# we are going to be parents.



## angel_lass (Sep 10, 2008)

Omg I cannot believe we came this far we were approved today for one child 0-2   we are both so happy. Panel members were lovely but God was I nervous I came out in a rash   that has never happened to me before and I have been through some serious stuff in my life lol    . Good luck to all those waiting to go, now the hard but.......waiting   x


----------



## Miny Moo (Jan 13, 2011)

Congratulations, hope you are not waiting to long to find your LO X


----------



## Primmer (May 1, 2012)

Congrats - enjoy your celebrations and hope you can get matched quickly


----------



## becs40 (Apr 9, 2013)

Congratulations! You must be so excited. 

I'm just sat here nervously waiting for our initial sw visit to see if we can go forward. Nervous enough at this let alone panel. Hope you're matched quickly.


----------



## Cornish pixie (Jan 31, 2014)

Congrats, hope your wait isn't too long x


----------



## mamu (Mar 16, 2013)

That's fantastic!
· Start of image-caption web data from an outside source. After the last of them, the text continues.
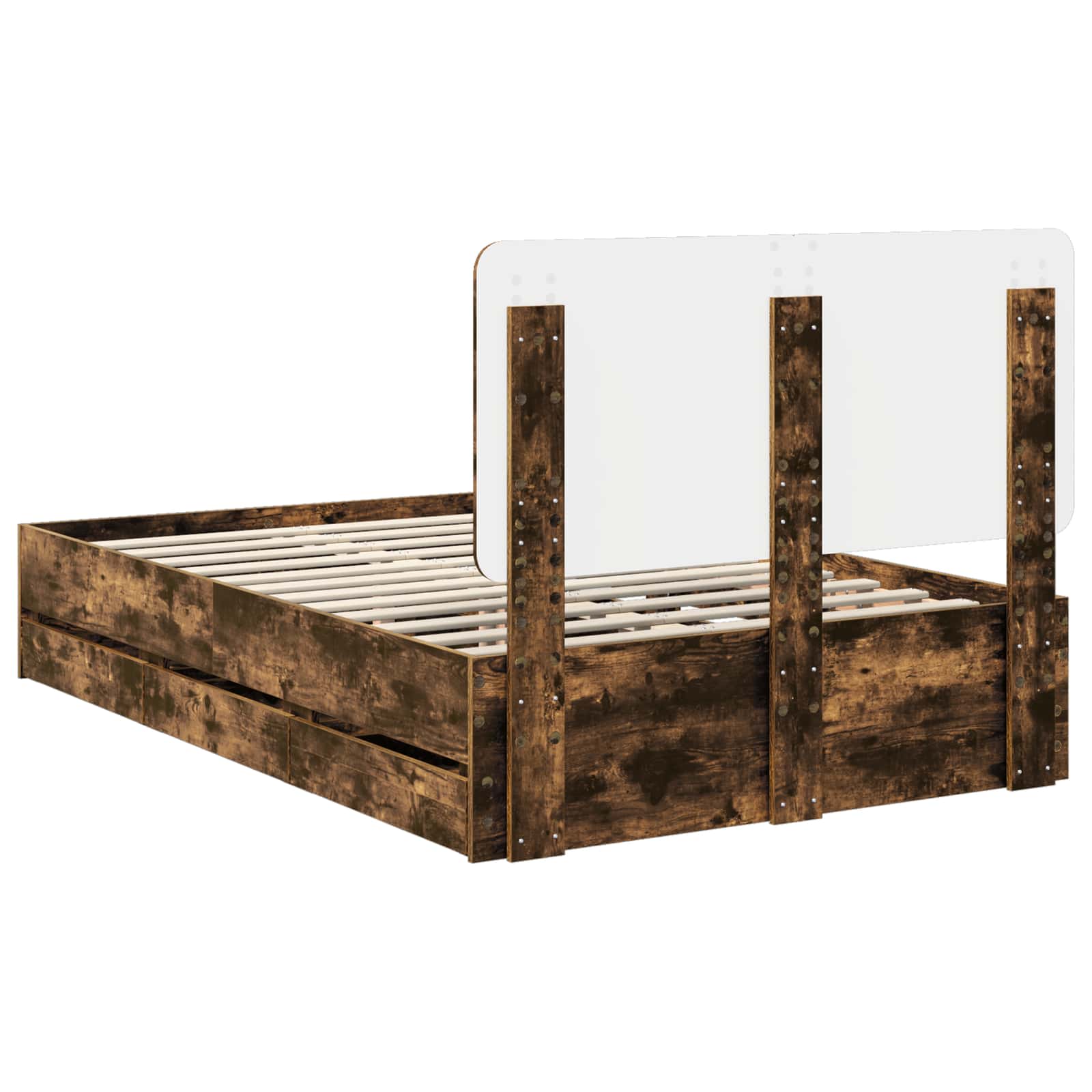 Struttura del letto con cassetto Rovere fumé 135 x 190 cm | homemem39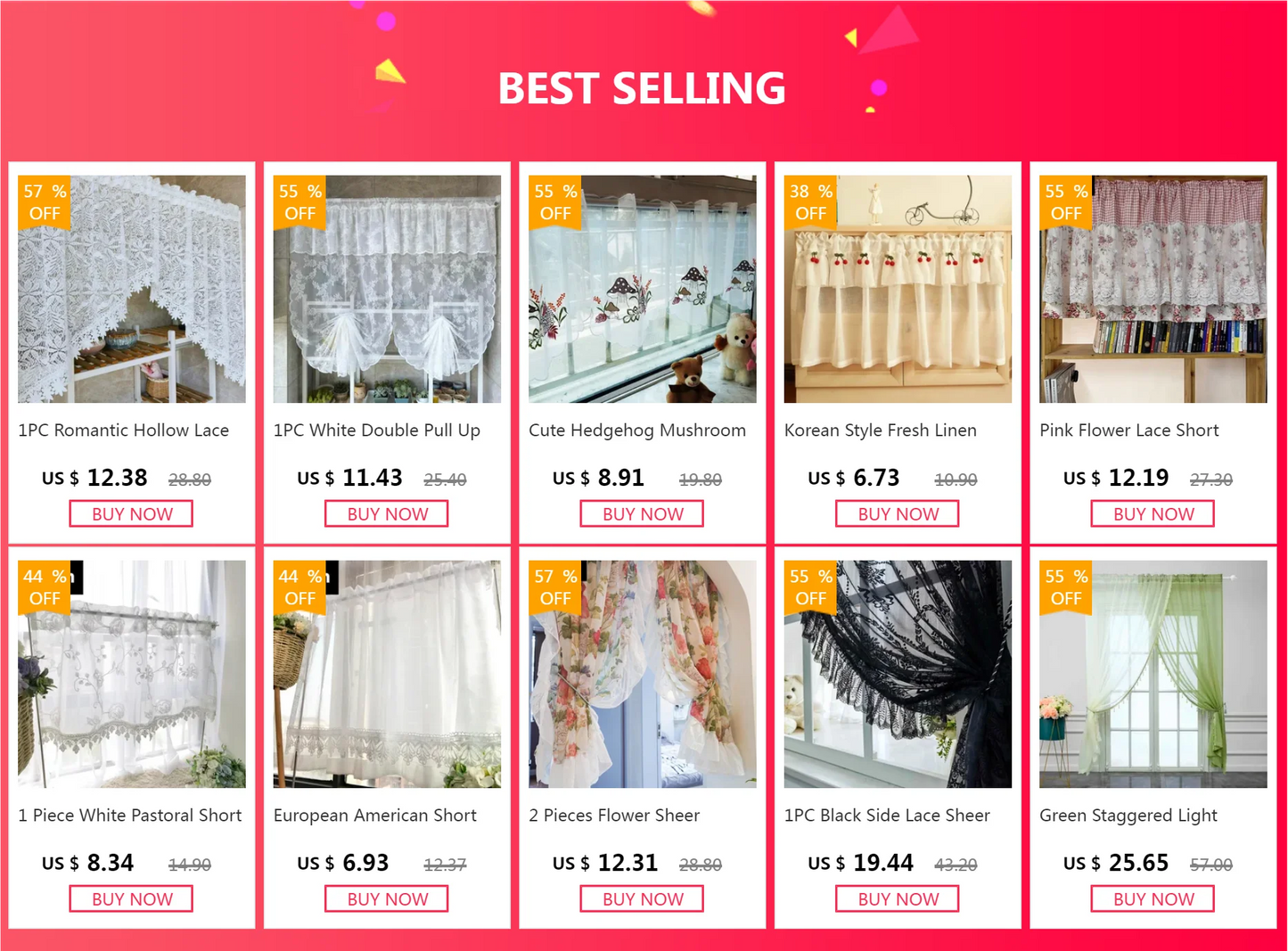 Korean Style Fresh Linen Short Curtain for Kitchen Small Window Half Curtain Cherry Decorative Valance Tulle Door Curtain Drape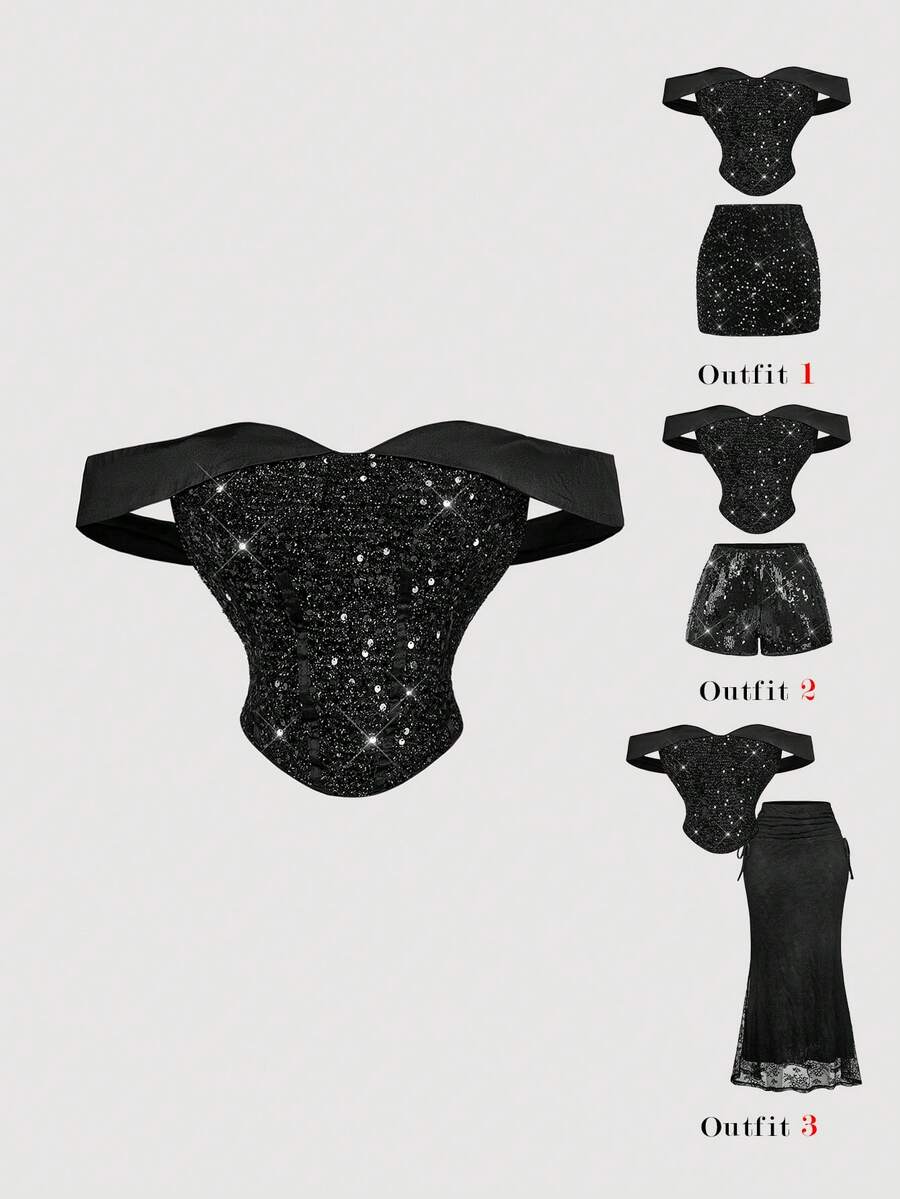 SHEIN MOD 女士露肩优雅上衣，饰有水钻 - 黑色 - 查看 1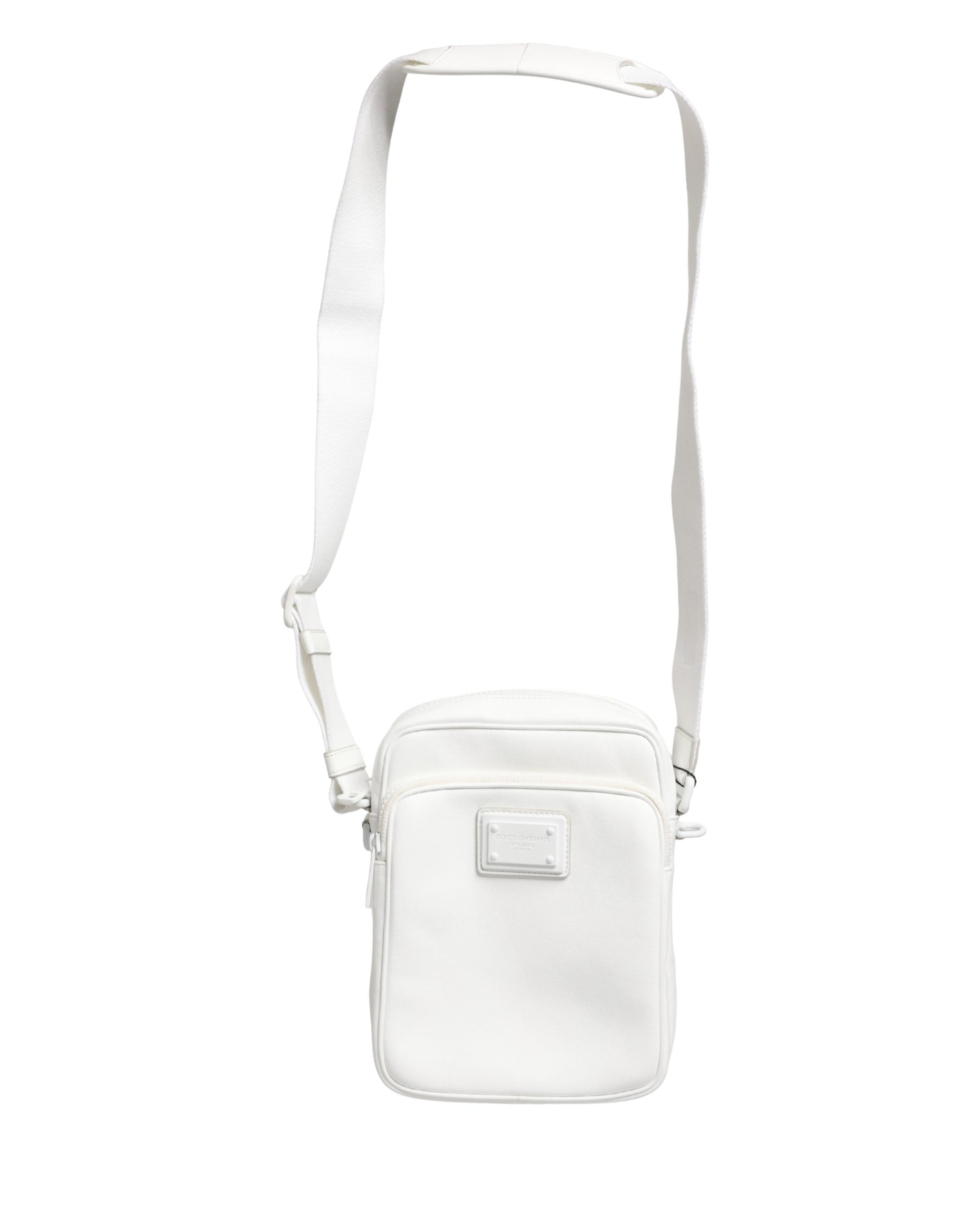 Dolce & Gabbana White Logo Plaque Crossbody Shoulder Bag for Men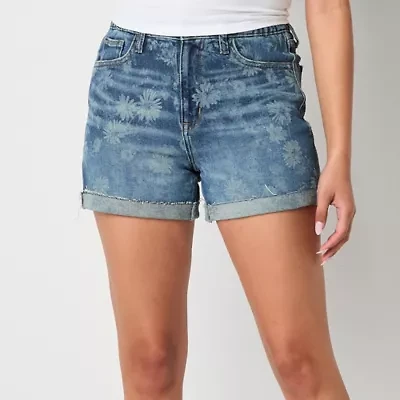Arizona Curvy Womens 4" High Rise Juniors Denim Short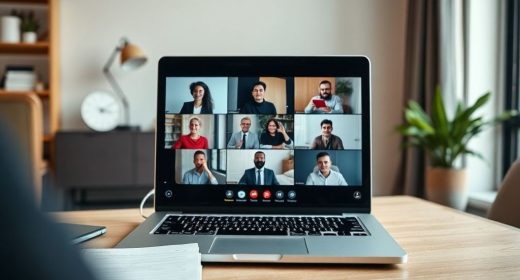 {"prompt":"prompt/Professional photography, photorealistic, wide shot of a modern virtual meeting setup viewed from behind a laptop screen showing multiple video call participants discussing career training, a notepad with handwritten notes beside the laptop, warm natural soft lighting from a nearby window, clean contemporary home office environment, shallow depth of field focusing on the laptop screen, high quality, no text, no logos, no close-up faces, square-friendly centered composition, muted professional color palette with subtle blue and white tones","originalPrompt":"prompt/Professional photography, photorealistic, wide shot of a modern virtual meeting setup viewed from behind a laptop screen showing multiple video call participants discussing career training, a notepad with handwritten notes beside the laptop, warm natural soft lighting from a nearby window, clean contemporary home office environment, shallow depth of field focusing on the laptop screen, high quality, no text, no logos, no close-up faces, square-friendly centered composition, muted professional color palette with subtle blue and white tones","width":1024,"height":768,"seed":42,"model":"flux","enhance":true,"negative_prompt":"undefined","nofeed":false,"safe":false,"quality":"medium","image":[],"transparent":false,"reasoning":false,"audio":true,"has_nsfw_concept":false,"concept":null,"trackingData":{"actualModel":"flux","usage":{"completionImageTokens":1,"totalTokenCount":1}}}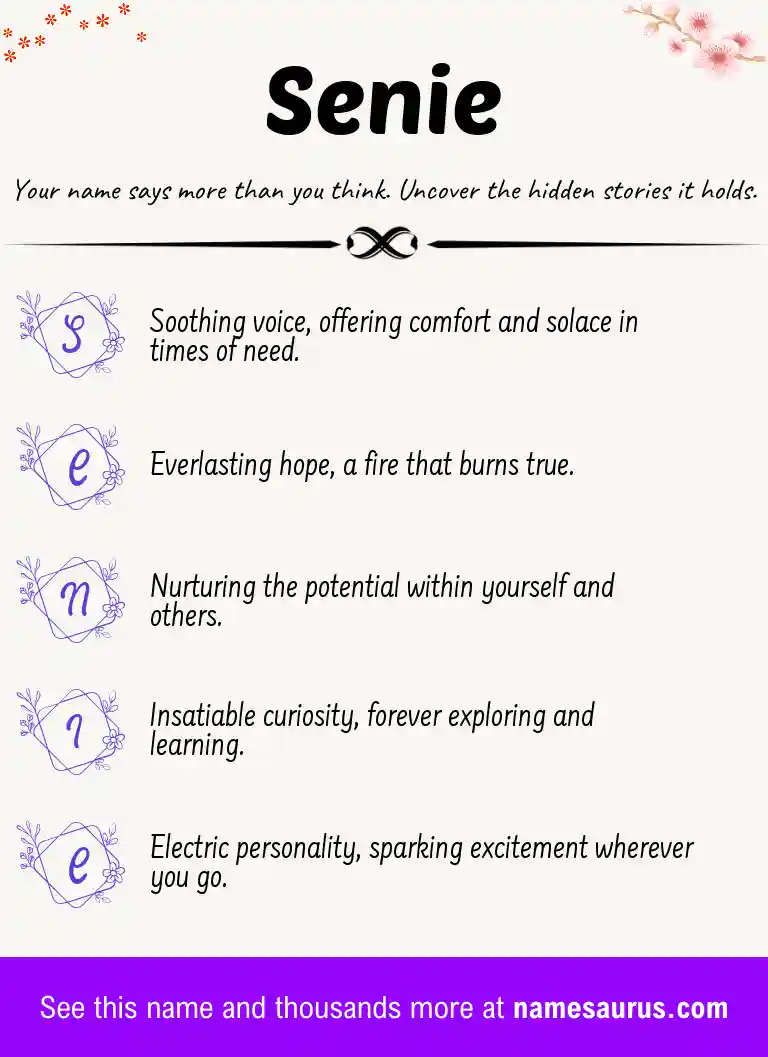 Acrostic poem about Senie.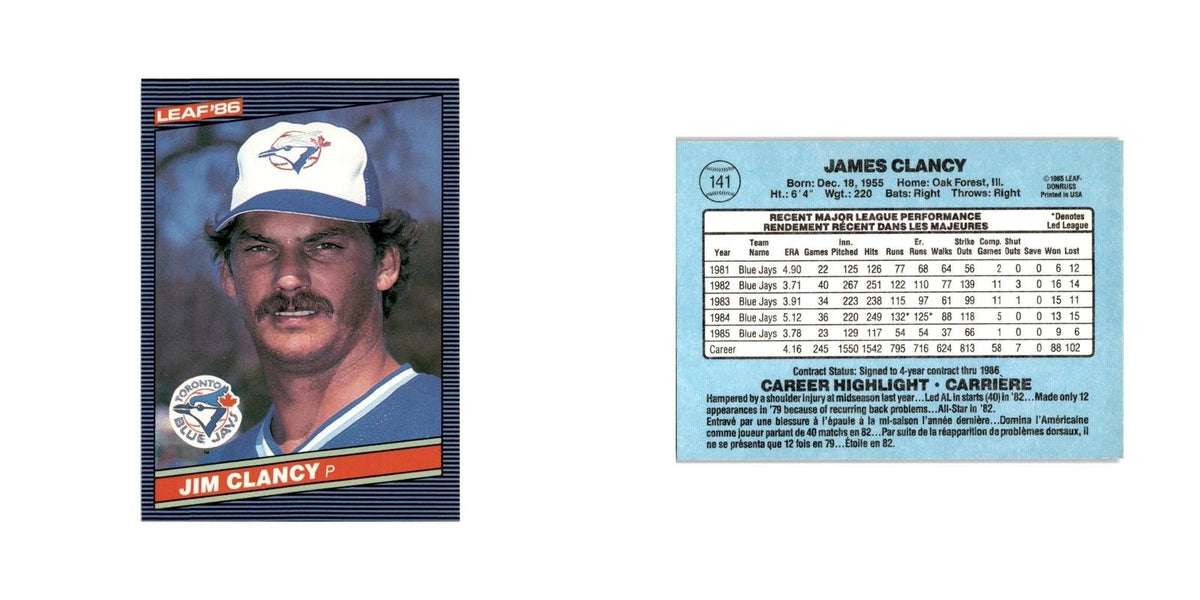 Jim Clancy 1986 Leaf #141 Toronto Blue Jays Baseball Card NM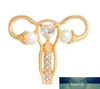 Europe Human Organ Modeling Alloy Brosch Pins Pearl Zircon Maternal Uterus Shirt Lapel Pin för kvinnor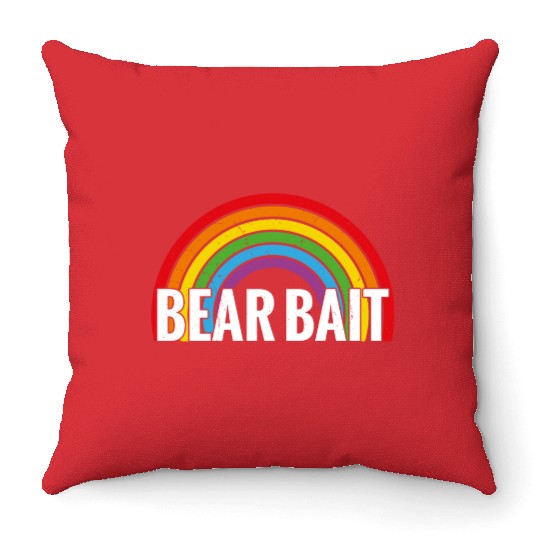 Gay Bear Bait Pride - Subgroup LGBTQ Community Throw Pillows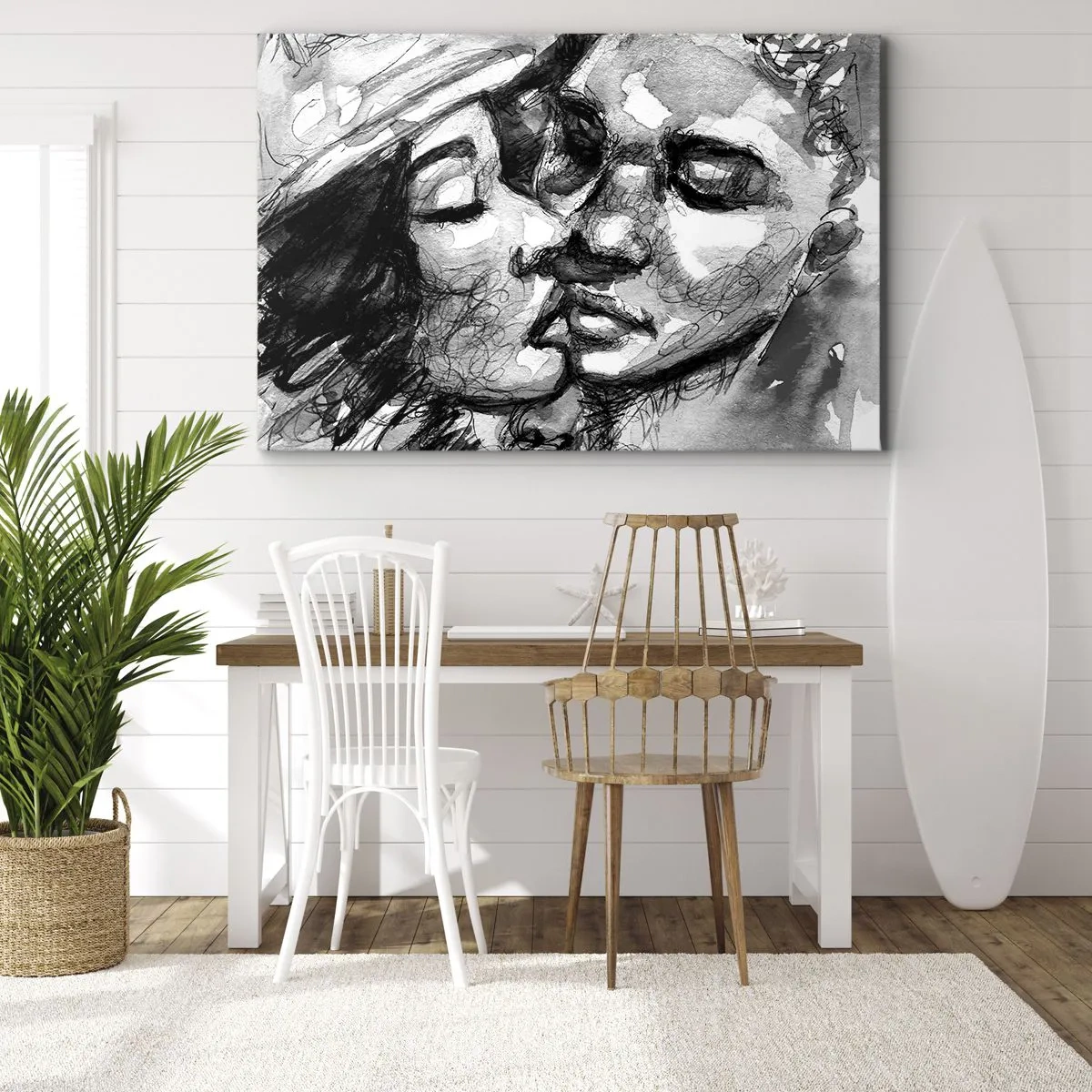 Quadro em tela - Um momento de ternura - 70x50 cm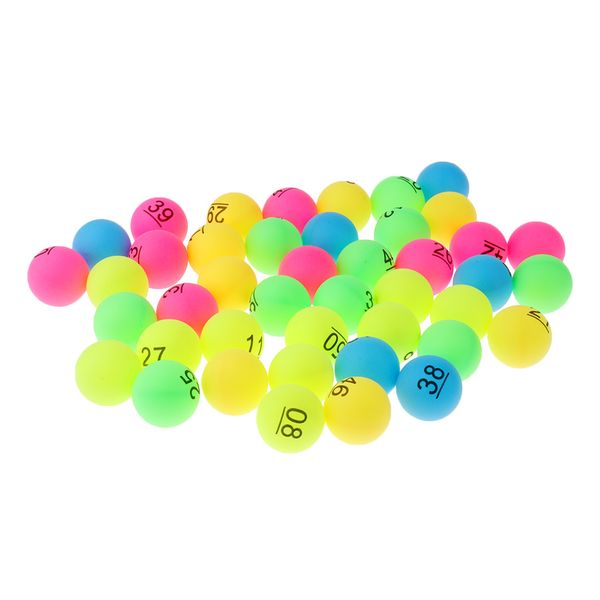 

50 pieces assorted color pp material table tennis balls 40mm printed with number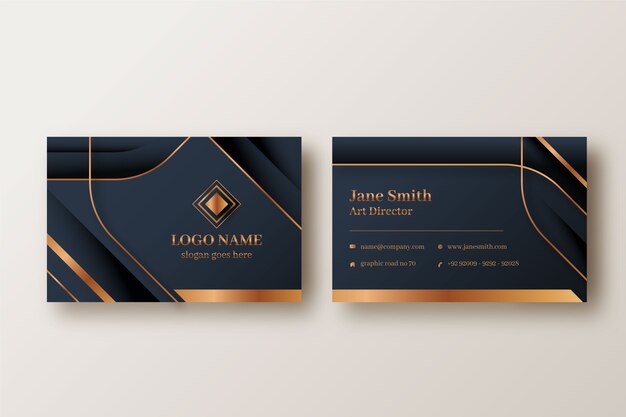 Plantilla de tarjeta de visita horizontal elegante realista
Congratulations!!


----------



## Macgyver (Oct 27, 2008)

Congratulations angel-lass


----------



## oliver222 (Oct 8, 2009)

Congrats hope you get a match quickly.


----------



## tigerbabe (May 26, 2011)

congrats  feels great being approved doesn't it? now the waiting game x


----------



## Mummy DIY Diva (Feb 18, 2012)

Fabulous news Mummy in waiting x x x


----------



## Belliboo (Dec 23, 2007)

Congratulations hope your not kept waiting long for a match xx


----------



## Waiting_patiently (Dec 4, 2013)

Wow congratulations, enjoy the celebrating  xx


----------



## flickJ (Feb 9, 2012)

Congratulations,  fabulous news,  hope you get a match soon


----------